What is Care Coordination?
Care coordination is the effort by multidisciplinary teams of two or more providers working with the patient to facilitate appropriate delivery of healthcare services to improve quality of care and reduce hospital admissions. (
Technical Reviews, No. 9.7. McDonald KM, Sundaram V, Bravata DM, et al. Rockville (MD): Agency for Healthcare Research and Quality (US); 2007 Jun)
The Problem: Fragmentation
The cost of caring for people with complex medical needs is spiraling out of control. We spend 17.6% (and rising) of our GDP on healthcare. The WHO ranks the US #1 in healthcare expenditures, yet our healthcare system is in 37th place behind Canada and Costa Rica. Most of these healthcare dollars (84%) were spent on chronic illnesses…increasingly being treated in the outpatient or home setting. Such treatments are inadequate and a fraught with insufficient care coordination, resulting in poor care quality.
The typical Medicare beneficiary sees 2 primary care physicians and 5 specialists across 4 different practices; 50% of these folks are being treated for 5 or more conditions. Over 19% of beneficiaries are readmitted to hospitals within 30 days of discharge. These are the “complex need” patients that face high risk for fragmented and inadequate care, resulting in poor outcomes. Many readmissions to hospitals can and should be avoided to save our tax dollars to the tune of $25 Billion each year.
What conditions and factors contribute to these high readmission rates?
The top conditions are: heart failure, COPD (lung disease), psychoses, intestinal problems, and post-surgical patients (cardiac, joint replacement, or bariatric procedures).
The top factors are: access to care post-discharge, inadequate discharge instructions, medication reconciliation, poor communication with and record transmission to care providers, medical errors in hospital.
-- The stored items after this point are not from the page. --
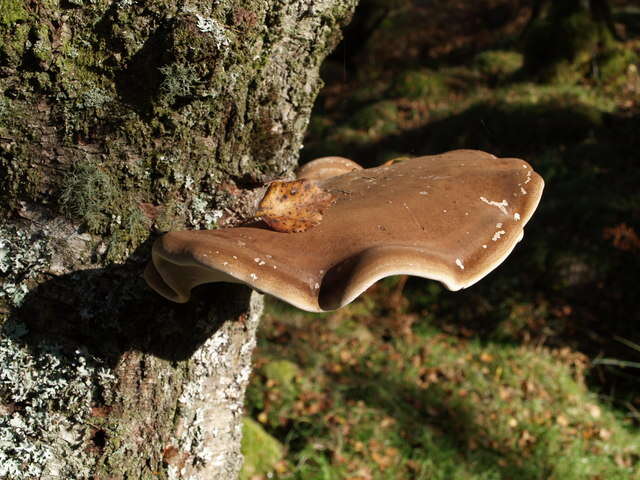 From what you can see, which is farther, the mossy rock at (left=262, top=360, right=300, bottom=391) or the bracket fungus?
the mossy rock at (left=262, top=360, right=300, bottom=391)

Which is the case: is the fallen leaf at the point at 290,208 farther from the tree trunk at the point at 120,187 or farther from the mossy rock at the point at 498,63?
the mossy rock at the point at 498,63

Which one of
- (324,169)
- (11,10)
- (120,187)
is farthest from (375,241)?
(11,10)

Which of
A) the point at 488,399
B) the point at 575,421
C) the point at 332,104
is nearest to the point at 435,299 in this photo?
the point at 488,399

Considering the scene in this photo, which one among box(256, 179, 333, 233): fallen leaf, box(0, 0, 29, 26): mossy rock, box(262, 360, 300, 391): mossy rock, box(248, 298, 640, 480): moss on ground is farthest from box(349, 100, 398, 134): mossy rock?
box(0, 0, 29, 26): mossy rock

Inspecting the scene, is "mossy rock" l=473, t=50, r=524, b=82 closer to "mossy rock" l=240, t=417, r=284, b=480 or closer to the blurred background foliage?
A: the blurred background foliage

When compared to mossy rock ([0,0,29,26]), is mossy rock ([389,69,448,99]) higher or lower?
lower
Elders report problems with their medical care including medical errors 23%, poor communication 20%, readmission 15% and lack of follow-up 6% (AARP, 2009).
The Solution: Care Coordination
Beyond upgrading discharge processes, which many hospitals are in process of doing, patients need timely access to care in the community through Care Coordination and using telehealth technologies to transmit clinical data to providers and to exchange information to facilitate their self-management (National Priorities Partnership).
Care coordination keeps patients on their care plan for follow-up visits and tests, medication, diet, and exercise. Old habits die hard and a care coordinator can help keep patients on plan to avoid setbacks, hospital readmissions, and ultimately higher health care costs. Through care coordination, the providers will engage the patient by viewing the patient as a whole, and giving the patient-client the opportunity to drive the course of their care plan and coaching them along towards better health. If done well, the patient will experience continuity of care and communication as they move from a healthcare facility to home.
This is not new. The idea of coordinating care in the form of case management has been around for more than a century. Primarily practiced by nurses and social workers, its goal has always been to coordinate complex, fragmented healthcare services to meet client the needs while controlling their costs (Nurs Outlook. 1996 Jul-Aug;44(4):169-72. Kersbergen AL).
This goes beyond redux….as care coordination is supported by Obamacare! Provisions in the Affordable Care Act 2010 give financial incentives to primary care providers for their care coordination services that are value-based; and penalize hospitals for high readmission rates. As research grows on how this can be done in a cost-effective manner, it is the hope this practice will spread to providers and hospitals. Medicare could save $188 billion in spending through 2019 by preventing avoidable readmissions, based on early research from the Congressional Budget Office.